:: REQUIRED WORK ::
The output should consist solely of the line containing "坤禾生物關于嚴肅整頓市場秩序的告知函.jpg" and the lines that follow it through the end of the data below.

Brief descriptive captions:
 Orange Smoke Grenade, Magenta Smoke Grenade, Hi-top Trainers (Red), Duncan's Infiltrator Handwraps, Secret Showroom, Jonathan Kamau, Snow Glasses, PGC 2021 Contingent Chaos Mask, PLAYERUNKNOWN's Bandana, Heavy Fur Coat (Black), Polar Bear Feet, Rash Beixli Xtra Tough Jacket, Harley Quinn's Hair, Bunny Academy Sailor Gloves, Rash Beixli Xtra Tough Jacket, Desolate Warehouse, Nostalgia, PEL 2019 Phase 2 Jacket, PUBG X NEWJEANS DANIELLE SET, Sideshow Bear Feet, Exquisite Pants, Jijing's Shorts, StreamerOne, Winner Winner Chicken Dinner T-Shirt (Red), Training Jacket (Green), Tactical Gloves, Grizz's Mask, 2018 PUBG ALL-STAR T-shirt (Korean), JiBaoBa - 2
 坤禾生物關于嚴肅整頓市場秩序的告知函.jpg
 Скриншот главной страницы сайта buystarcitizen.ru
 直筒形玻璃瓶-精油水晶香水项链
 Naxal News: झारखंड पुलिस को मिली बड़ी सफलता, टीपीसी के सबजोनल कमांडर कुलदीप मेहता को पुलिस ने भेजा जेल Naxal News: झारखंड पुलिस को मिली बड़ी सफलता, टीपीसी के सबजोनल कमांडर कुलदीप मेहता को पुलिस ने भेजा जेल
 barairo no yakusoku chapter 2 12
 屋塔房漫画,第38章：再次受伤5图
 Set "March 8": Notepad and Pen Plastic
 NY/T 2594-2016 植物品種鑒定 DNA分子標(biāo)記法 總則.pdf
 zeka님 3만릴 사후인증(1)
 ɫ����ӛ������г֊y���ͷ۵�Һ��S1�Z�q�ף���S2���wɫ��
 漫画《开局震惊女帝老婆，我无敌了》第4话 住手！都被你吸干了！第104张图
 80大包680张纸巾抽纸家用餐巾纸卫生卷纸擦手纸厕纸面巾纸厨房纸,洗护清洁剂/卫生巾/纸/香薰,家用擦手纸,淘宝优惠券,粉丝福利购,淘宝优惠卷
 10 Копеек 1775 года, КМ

:: ANSWER SPACE ::
 坤禾生物關于嚴肅整頓市場秩序的告知函.jpg
 Скриншот главной страницы сайта buystarcitizen.ru
 直筒形玻璃瓶-精油水晶香水项链
 Naxal News: झारखंड पुलिस को मिली बड़ी सफलता, टीपीसी के सबजोनल कमांडर कुलदीप मेहता को पुलिस ने भेजा जेल Naxal News: झारखंड पुलिस को मिली बड़ी सफलता, टीपीसी के सबजोनल कमांडर कुलदीप मेहता को पुलिस ने भेजा जेल
 barairo no yakusoku chapter 2 12
 屋塔房漫画,第38章：再次受伤5图
 Set "March 8": Notepad and Pen Plastic
 NY/T 2594-2016 植物品種鑒定 DNA分子標(biāo)記法 總則.pdf
 zeka님 3만릴 사후인증(1)
 ɫ����ӛ������г֊y���ͷ۵�Һ��S1�Z�q�ף���S2���wɫ��
 漫画《开局震惊女帝老婆，我无敌了》第4话 住手！都被你吸干了！第104张图
 80大包680张纸巾抽纸家用餐巾纸卫生卷纸擦手纸厕纸面巾纸厨房纸,洗护清洁剂/卫生巾/纸/香薰,家用擦手纸,淘宝优惠券,粉丝福利购,淘宝优惠卷
 10 Копеек 1775 года, КМ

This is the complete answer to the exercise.